Is it time for Kentucky to create a debate commission?
08/03/2014 06:05 PM
MURRAY — Here’s the good news: Both Republican U.S. Sen. Mitch McConnell and Democratic challenger Alison Lundergan Grimes said this weekend they “sure hope” they can debate each other.
The bad news is that it’s now August and words and deeds are not matching up. Their campaigns have yet to agree on the parameters for a debate — or even another joint appearance after Saturday’s yell-fest at the annual Fancy Farm’s St. Jerome Parish picnic.

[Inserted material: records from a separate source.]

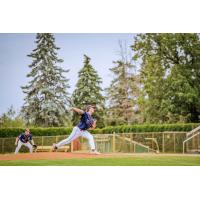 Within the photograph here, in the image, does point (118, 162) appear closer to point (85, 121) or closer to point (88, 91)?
point (85, 121)

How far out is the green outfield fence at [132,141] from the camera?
14500 millimetres

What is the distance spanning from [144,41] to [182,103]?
2.23m

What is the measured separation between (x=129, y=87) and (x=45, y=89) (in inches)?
103

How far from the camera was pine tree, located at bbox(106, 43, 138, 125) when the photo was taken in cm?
1459

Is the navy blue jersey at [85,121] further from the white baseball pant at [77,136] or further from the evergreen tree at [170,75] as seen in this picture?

Neville Blakemore III, a Democrat from Louisville, suggested to Pure Politics that Kentucky might need a non-profit, independent debate commission made up of volunteer citizens and journalists to set parameters, venues and dates of televised debates for major races.

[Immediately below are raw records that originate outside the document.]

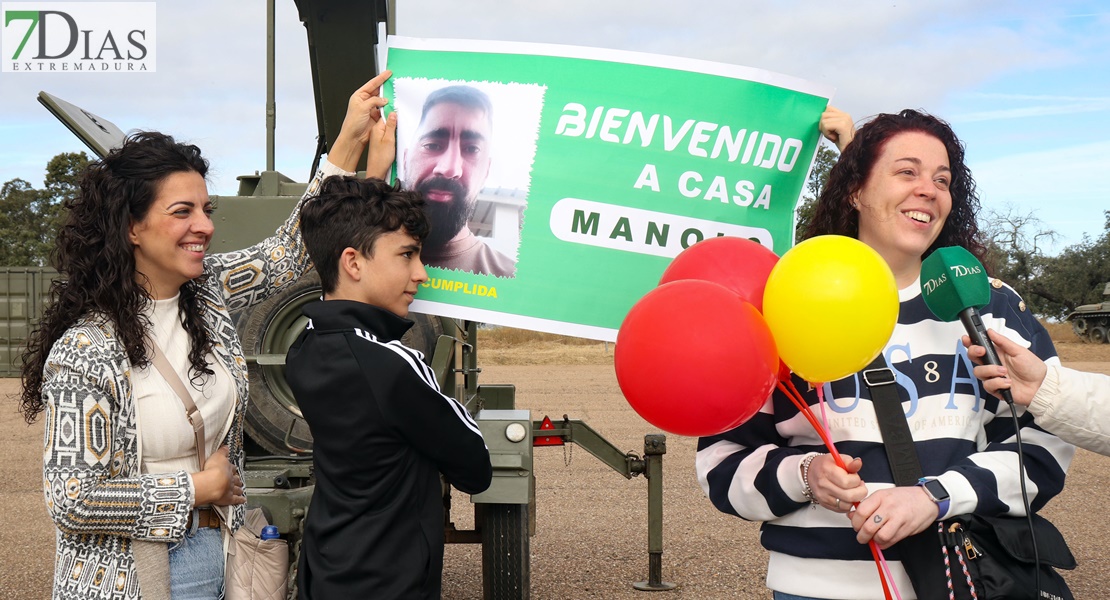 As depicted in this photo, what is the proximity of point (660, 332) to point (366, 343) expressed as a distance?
2.31 ft

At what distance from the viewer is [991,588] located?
2.00 metres

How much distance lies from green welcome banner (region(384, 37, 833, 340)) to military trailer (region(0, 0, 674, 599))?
5.79 ft

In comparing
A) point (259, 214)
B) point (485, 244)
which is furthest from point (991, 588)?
point (259, 214)

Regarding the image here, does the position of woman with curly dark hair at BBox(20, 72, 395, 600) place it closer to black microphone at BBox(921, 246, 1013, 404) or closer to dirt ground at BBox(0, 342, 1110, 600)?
black microphone at BBox(921, 246, 1013, 404)

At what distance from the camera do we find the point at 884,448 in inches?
→ 84.0

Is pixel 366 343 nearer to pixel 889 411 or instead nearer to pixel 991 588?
pixel 889 411

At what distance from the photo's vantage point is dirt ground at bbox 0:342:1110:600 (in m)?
6.36

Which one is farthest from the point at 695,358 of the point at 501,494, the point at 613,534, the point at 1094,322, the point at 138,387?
the point at 1094,322

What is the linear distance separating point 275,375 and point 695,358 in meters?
A: 3.46

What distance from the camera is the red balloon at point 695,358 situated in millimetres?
1930

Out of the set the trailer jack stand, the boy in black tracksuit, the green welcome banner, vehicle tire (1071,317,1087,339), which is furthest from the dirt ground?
vehicle tire (1071,317,1087,339)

He and prominent politicians from both parties told Pure Politics over the weekend that McConnell and Grimes owe Kentuckians an exchange of ideas before the Nov. 4 election. Here’s what Blakemore and Democratic Gov. Steve Beshear said about that:
Republican Agriculture Commissioner James Comer, who announced Saturday he would run for governor next year, said he, too, wants to see the U.S. Senate candidates mix it up the way gubernatorial candidates are expected to.

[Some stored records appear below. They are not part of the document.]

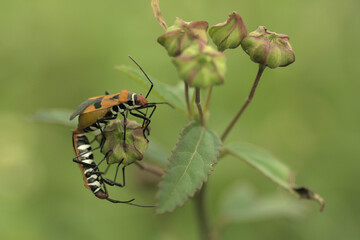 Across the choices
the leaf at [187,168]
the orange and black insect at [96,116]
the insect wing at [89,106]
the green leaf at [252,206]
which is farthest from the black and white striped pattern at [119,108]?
the green leaf at [252,206]

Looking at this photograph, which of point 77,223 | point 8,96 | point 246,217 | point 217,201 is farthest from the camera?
point 8,96

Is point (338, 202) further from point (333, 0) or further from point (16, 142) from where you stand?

“I think candidates should debate more. We’ve already had one potential debate among potential candidates for governor for 2015,” he said, referring to a forum put on by the Chamber of Commerce earlier this summer. “And there still hasn’t been a debate in 2014.”
A Presidential Debate Commission has set-up nationally televised forums in recent presidential elections. But other states have begun to follow suit as candidates for statewide office have become less likely to agree to many on their own.
Indiana created the non-profit Indiana Debate Commission in 2007 that relies on volunteer citizens and media groups to set up debates and collect and select questions for candidates for statewide races such as for governor and U.S. Senate.
And earlier this year, prominent political figures in Utah formed that state’s debate commission in response to frustration over the 2012 election cycle that featured just one statewide televised debate for U.S. Senate candidates and gubernatorial candidates.
Not everyone is embracing the debate commission concept.
Jonathan Hurst, who has been managing Grimes’ campaign, said he didn’t think it was needed.
“We’re adults. I think the campaigns can get together with the venues that have asked us to be a part of it,” Hurst said.
He and McConnell’s campaign manager, Jesse Benton, though, haven’t spoken for about a month about the details of joint appearances before Nov. 4. But Hurst said he believes the two sides are “getting closer.”
“Our real sticking point is that we want to make sure this is an honest debate not a filibuster session. We want to make sure Kentuckians are involved in the process and that journalists are involved in the process,” Hurst said.
Grimes mentioned in her Fancy Farm speech that she will attend the Kentucky Educational Television debate in October and the Kentucky Farm Bureau forum and is willing to accept invitations to debates in the eastern Kentucky cities of Pikeville and Beattyville. She told reporters Friday night she wants to go toe-to-toe with McConnell.
While McConnell was much more succinct in his answer, he too, said he wants to face Grimes.
In 2008, McConnell and his Democratic opponent, Bruce Lunsford, attended three forums — the Farm Bureau event and debates in Northern Kentucky and Owensboro. None were carried on statewide television.